Some brokers charge commissions on each trade. Moreover, you should pay attention to spreads if they do not charge any commissions, which means they’re earning from spreads instead.

The rates are generally calculated as a percentage of the transaction value or a fixed fee. You can calculate and compare these rates across forex brokers in South Africa to determine which one is more beneficial to you.

  • Margin Rates

Most traders may not have the necessary funds to facilitate trading on forex platforms. Therefore, forex brokers offer margin rates as a benefit on top of their services. It means you can trade for a higher volume than the funds you have in your account.

However, forex brokers can charge an interest if you cross the threshold of borrowed funds. The rates can vary across brokers from one to five percent interest.

  • Conversion Fees

You can open either domestic or international accounts with a forex broker. Domestic accounts allow you to trade locally with Rand, but international accounts will enable you to access global markets.

Hence, some forex brokers in South Africa may charge a conversion fee if you trade in a different currency other than Rand. You should compare and see if your preferred brokers have such a fee and how much it will affect your trades.

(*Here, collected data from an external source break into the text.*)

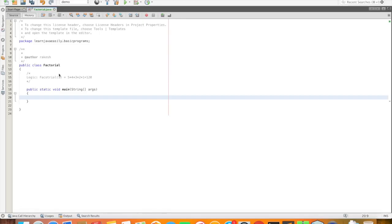Hi friends, this is Rakesh. How to write a Java program to find the factorial of a number.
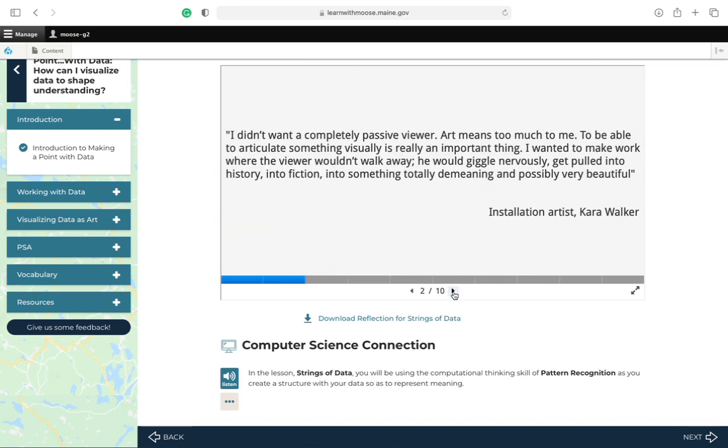Here's a quote by the installation artist Kara Walker. I didn't want a completely passive viewer. Art means too much to me. To be able to articulate something visually is really an important thing. I wanted to make work where the viewer wouldn't walk away. He would giggle nervously, get pulled into history, into fiction, into something totally demeaning and possibly very beautiful.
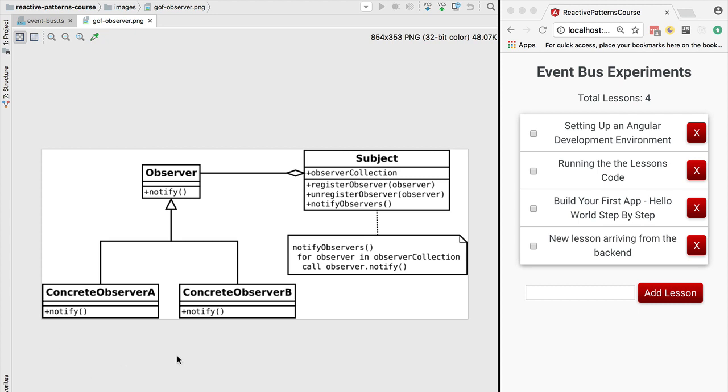With the new branch checked out, let's go back to the diagram of the observer pattern, which corresponds to the solution we've been implementing so far that has started to not scale well in complexity. There are multiple issues with this solution. Let's identify the first issue.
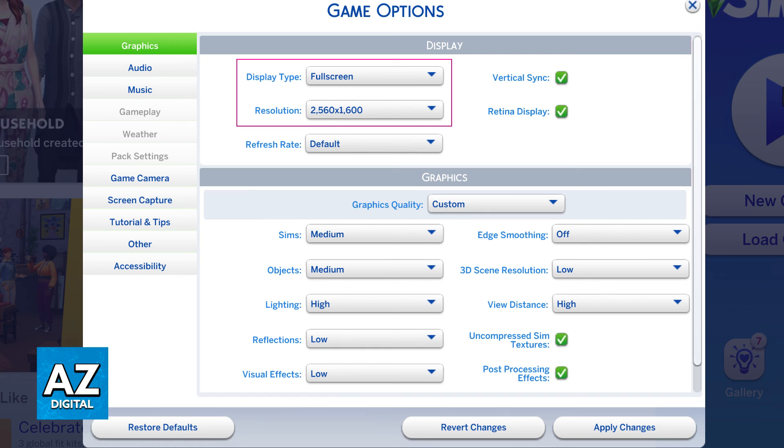If you get any errors while trying to switch the resolution, you can try to click revert changes or restore defaults and you will be able to go back to whatever you were using before.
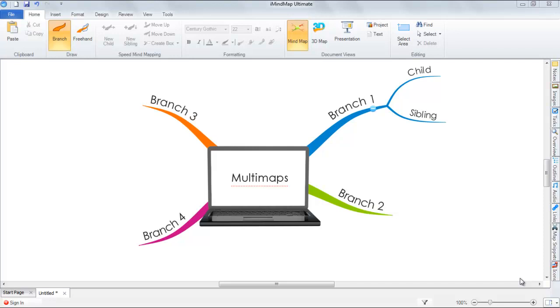Today I'll be demonstrating how you can insert and use multimaps within your iMindMap workspace. First, I'll show you how to insert a new central idea in your canvas.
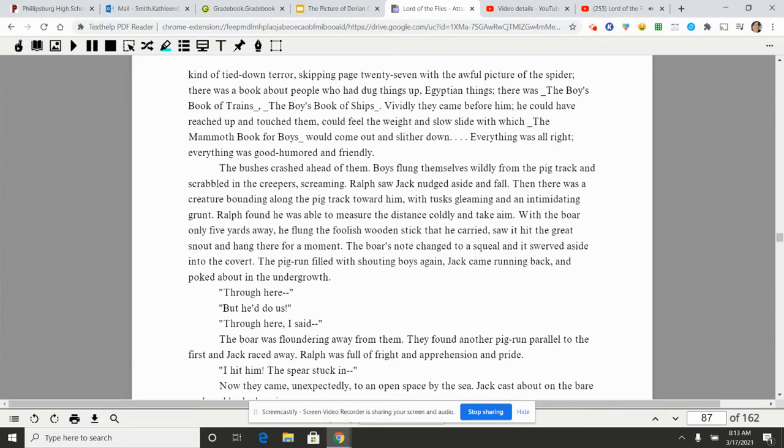The bushes crashed ahead of them. Boys flung themselves wildly from the pig track and scrambled in the creepers, screaming. Ralph saw Jack nudged aside and fall. Then there was a creature bounding along the pig track toward him, with tusks gleaming and an intimidating grunt. Ralph found that he was able to measure the distance coldly and take aim. With the boar only five yards away, he flung the foolish wooden stick that he carried, saw it hit the great snout and hang there for a moment. The boar's note changed to a squeal and it swerved aside into the covert.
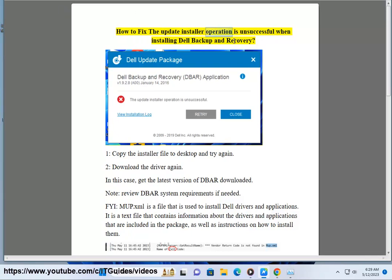How to fix the update installer operation is unsuccessful when installing Dell Backup and Recovery. Step 1: Copy the installer file to the desktop and try again.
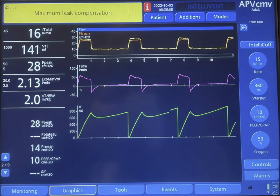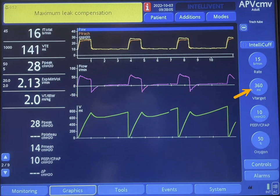With inspiration, the flow goes up to the maximum inspiratory flow. With that, you can see the tidal volume starts to rise and reaches around 700 to 800 ml. However, we're targeting 360, so the machine ends up giving a larger tidal volume than the targeted volume.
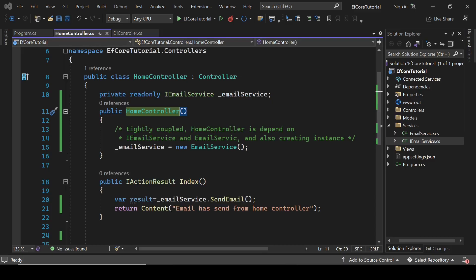In this example, home controller is a dependent and iEmail service is a dependency but our application is not loosely coupled here because home controllers depend on both iEmail service and email service component.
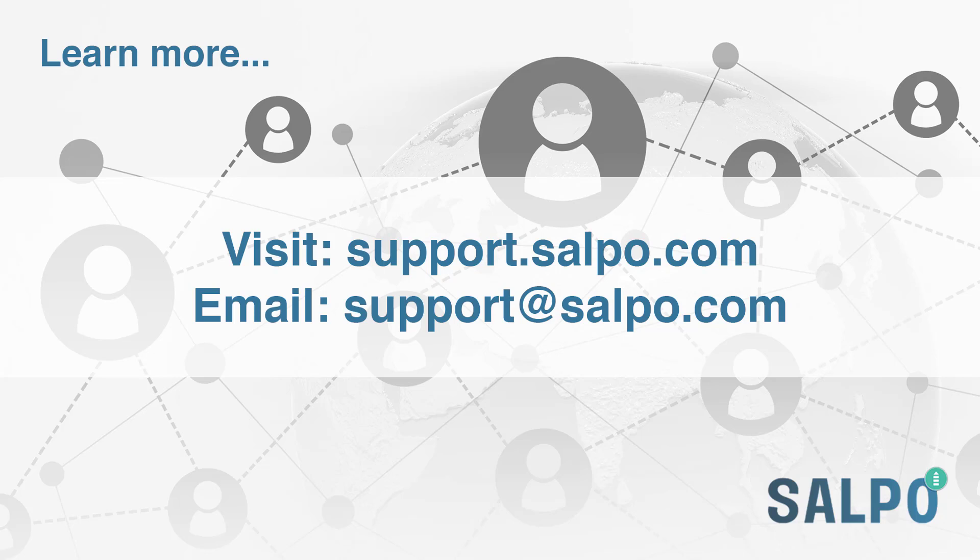To learn more about this Salpo CRM integration with Xero or Deer, please contact us for a demo.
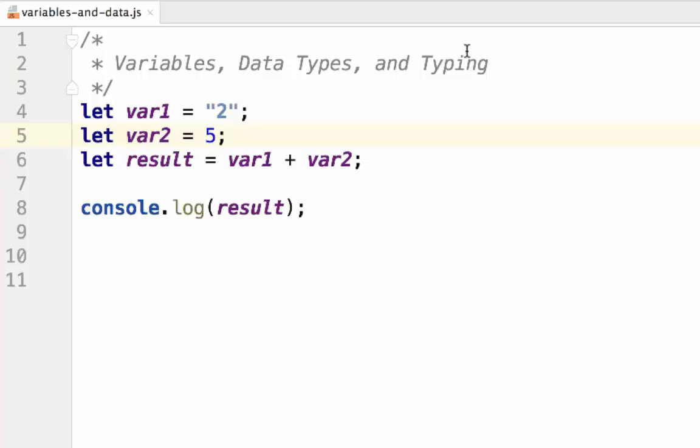The differences in these typing systems will determine how you program your software. With strongly typed languages, you will need to be more careful to make sure that the types match, otherwise the program will fail. However, this is not as big of a concern as weakly typed languages. But it may net unexpected results, like 2 plus 5 equaling 25.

  • Deposit and Withdrawal Fees

Most forex brokers have a minimum deposit value required to facilitate trading on forex platforms. However, they have different policies regarding charging deposit and withdrawal fees.

Moreover, the fees may differ depending on your withdrawal and deposit methods. There are a few brokers who may not charge such fees.

  • Overnight Swap Rates

Also known as rollover fees, they are charged on positions held overnight. The rates may differ across different forex brokers, depending on the interest rate differentials between currencies in the pair.

Hence, it can either be positive or negative based on the direction of the trade. You should carefully gloss over such details in the policy to know whether they charge a fee.

  • Inactivity Fees

As the name suggests, it is the fee charged to you if you do not trade for a certain period. Forex brokers use it as an incentive to encourage you to trade regularly. Hence, you won’t have to pay it if you’re actively using your accounts for trading.

The fees and the designated period may be different for different forex brokers. Some charge monthly, and the period may range from 12-24 months.

To summarize, forex brokers earn money from your trading activity in different ways. Remember that if they do not charge specific fees, then it means that they’re covering it in other areas. Always read your policies back and forth and consult a lawyer if required. It will help you to choose the right forex trader in South Africa at a reduced cost of trading.